Still, David is fiercely confident in God and that God will continue to shield him, remain his glory, and the lifter of his head (it seems like a Jewish idiom is present here but I couldn’t find one).  Since David seems to be unsure if God is for him or against him (given the contrast of 2 Sam 15 and this Psalm), I wish I knew what David meant by his statement, “I cried to the Lord with my voice, and He heard me from His holy hill.”  Did David just have the feeling that God would be on his side, or did he hear a direct revelation (audibly, in a dream, etc) from God that He was on David’s side with this?
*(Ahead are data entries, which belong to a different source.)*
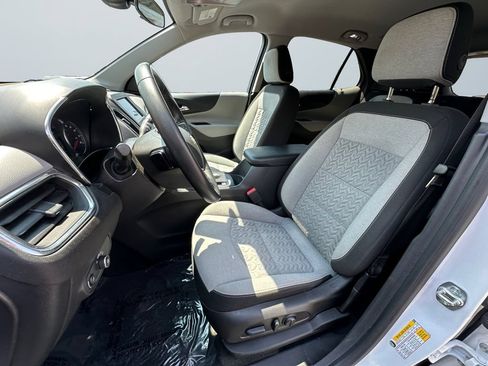 Used 2024 Chevrolet Equinox LT FWD image 9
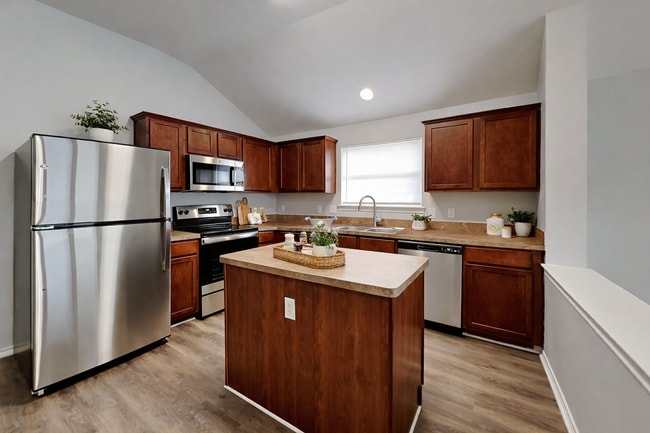 Building Photo - Charming 3-Bed, 2-Bath Home in Dallas with Garage Parking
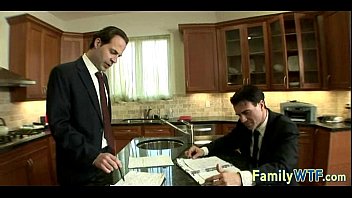 Stepdaughter Gets Fucked 0526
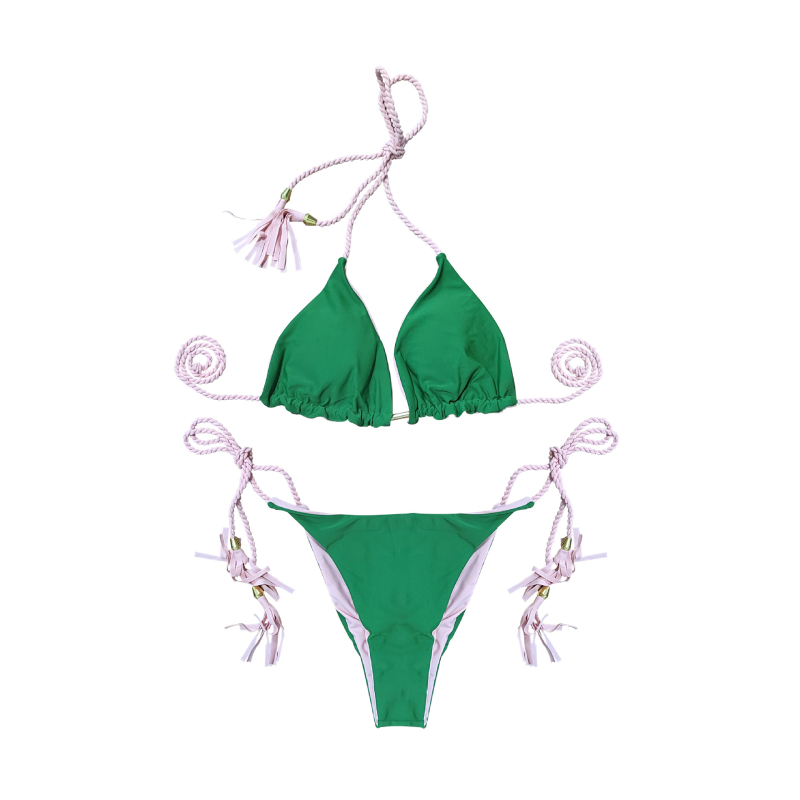 Ženski dvodijelni bikini set s podstavljenim trokutastim gornjim dijelom, bez čelične potpore; materijal najlon 82% s podstavom najlona; gaćice briefs; za plivanje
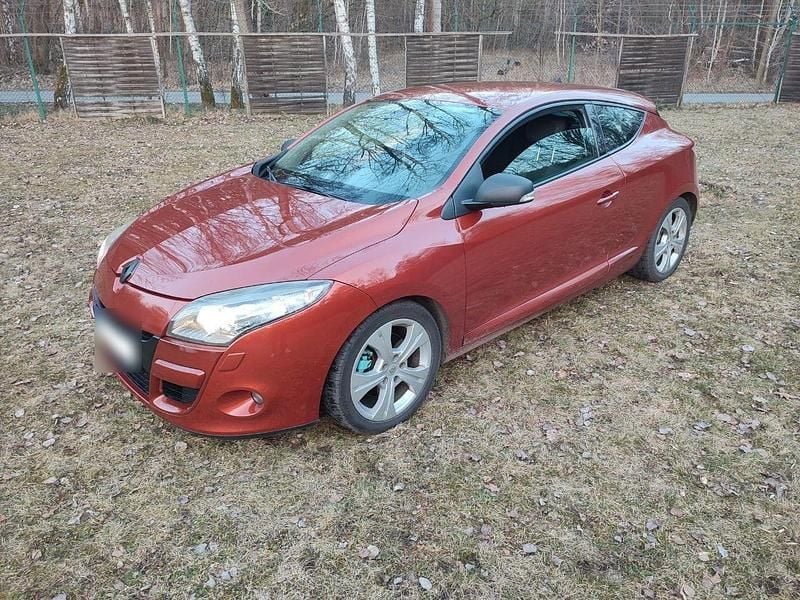 Gebraucht Renault Mégane Coupé Dynamique 179 PS (131 kW) 2009 Orange Coupé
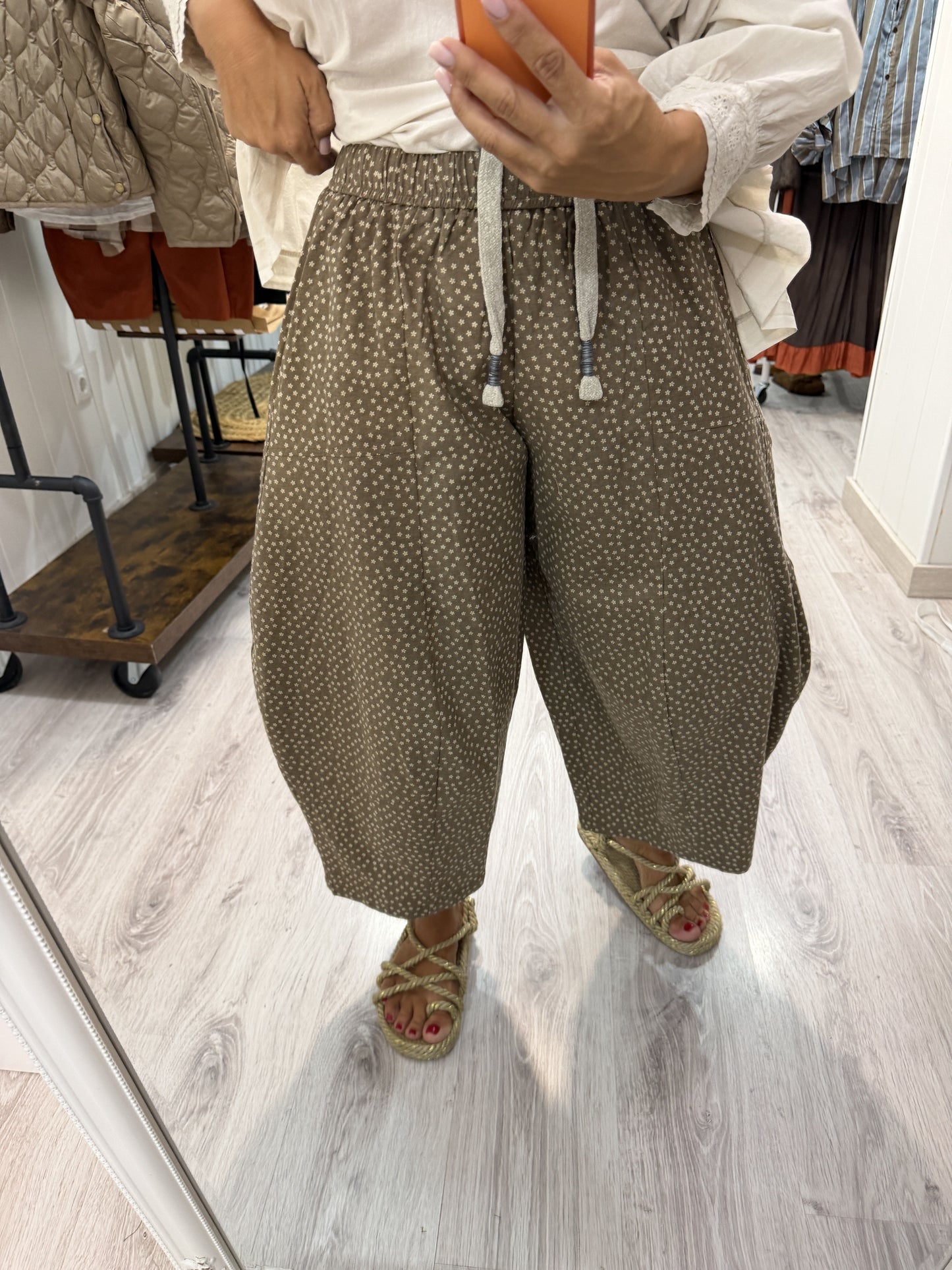 Pantalón Flor de Sakura taupe • PREVENTA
Either way, his trust in God is further illustrated as he decides to stop running, let his guard down, and sleep knowing that God will protect him against “ten thousands” of pursuers coming from all angles to get him.

Psalm 3 ends by beckoning God to fight on his behalf.  The metaphor gives beast-like characteristics to his enemies and tells of a time when David has known God to strike beasts at the source of their strength – their jaw and teeth.

I wonder many times in the Psalms where the line of poetic hyperbole is crossed from the literal description.  Was David possibly an incredibly emotional guy (like most musicians are) or were the situations described as intense as the psalmist describes.  I do believe, however, that Erwin McManus has correctly stated that we, in our lack of faith, tend find any way possible to remove ourselves from the context with which miracles happen.  Maybe, in our culture, safety and money are what we trust in to deliver us from our “bad” situations.  In any case the ending is clear that David believes God is the only one who can give him salvation in this desperate situation.

Psalm 2

The opening question posed by David is probably rhetorical and most likely pointed.  The point is clear though – it is so incredibly foolish to go against God and His anointed, that he even describes God as laughing and scoffing at their attempt to do so.  This theme runs throughout the life of David as he interacted with Saul.  I don’t know when this Psalm was written in David’s life but he clearly learned the lesson and lived by it.  God allows wrath to fall on those who oppose him (verses 5-6).  We see this play out in the new testament in Romans 8:31 says “if God is for us, who then can stand against us?”

In verses 7-9 we see a decree given to David by God that puts him in authority.  Does it not make sense that a pre requisite to being given spiritual authority (God’s anointing) is to understand submission (to God and also to man) and the fear of the Lord.  This is the very substance of servant leadership?

The ending borders on the edge of arrogance when you consider David is writing about himself (since he was given authority in verses 7-9).  But, when you are the anointed of God because you have have lived in reverence to God and His anointed previous to gaining authority, it comes as wisdom to ask others to follow in doing the same for you.

10Now therefore, O kings, be wise; be warned, O rulers of the earth.
11 Serve the LORD with fear, and rejoice with trembling.
12 Kiss the Son, lest he be angry, and you perish in the way, for his wrath is quickly kindled.
Blessed are all who take refuge in him.